Я молча впустила его в квартиру. Увидев большие чемоданы, он удивленно спросил:
— Вы собираетесь уезжать?
Я кивнула.
— Надолго?
Я снова кивнула.
— Когда уезжаете — когда возвратитесь?
— Меня не будет долго. Сначала я отдохну, покатаюсь на лыжах, а потом меня ждут досъемки фильма «SOS! Айсберг».
— Пожалуйста, не уезжайте, — взволнованно сказал Геббельс.
Увидев мой отстраняющий жест, он стал умолять:
— Не бойтесь, я не буду больше надоедать, — но мне хотелось бы иметь возможность, по крайней мере, иногда говорить с вами. Я очень одинок, моя жена тяжело больна. Она лежит в клинике, и я опасаюсь за ее жизнь.
Он произнес это с таким взволнованным выражением лица, что я почти сочувствовала ему. Прежде всего меня поразило, что Магда оказалась в больнице.
— Послушайте, доктор, ваше место сейчас, больше чем когда-либо, рядом с женой. Вы должны быть с ней каждую свободную минуту.
Геббельс был очень подавлен. Он сел на кушетку, не снимая пальто.
— Скажите мне, по крайней мере, куда можно позвонить.
— Не знаю. Я буду в горах, в разных местах, и пока у меня еще нет никакого представления, когда и где начнутся съемки.

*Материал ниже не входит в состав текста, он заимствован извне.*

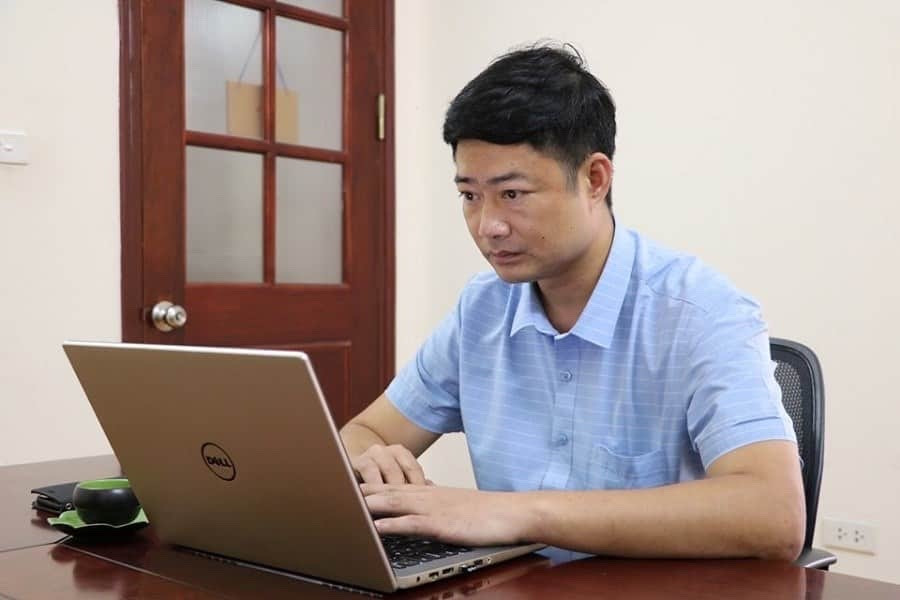 Dưới góc độ pháp lý, trao đổi với PV Báo Tri thức và Cuộc sống, luật sư Vũ Văn Biên - Giám đốc Công ty Luật TNHH An Phước cho rằng, xử lý vật chứng là việc cơ quan, người tiến hành tố tụng có thẩm quyền, tùy thuộc vào từng giai đoạn tố tụng, căn cứ vào các quy định của pháp luật quyết định số phận pháp lý của vật chứng đã được thu thập.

После того как ему пришлось понять безнадежность приложенных усилий, его лицо утратило выражение отчаяния и стало казаться маской. Он подал мне два пакета и сказал:
— Мое поздравление с Рождеством.
Когда дверь за нежданным гостем закрылась, я развернула пакеты. В одном лежал переплетенный в красную кожу экземпляр первого издания гитлеровского «Майн кампф» с вписанным Геббельсом посвящением, во второй оказалась бронзовая медаль с рельефом головы самого дарителя. «Что за безвкусица», — подумала я.
Вечером я отправилась к родителям. Это Рождество оказалось печальным. Дела у отца шли плохо. Ему пришлось уволить большую часть рабочих и служащих. И Гейнца в первый раз не было с нами. Он находился в Индии и должен был во дворце магараджи Индаура монтировать климатическую установку. Этот интересный заказ брат получил через знакомого архитектора Эккарта Мутезиуса.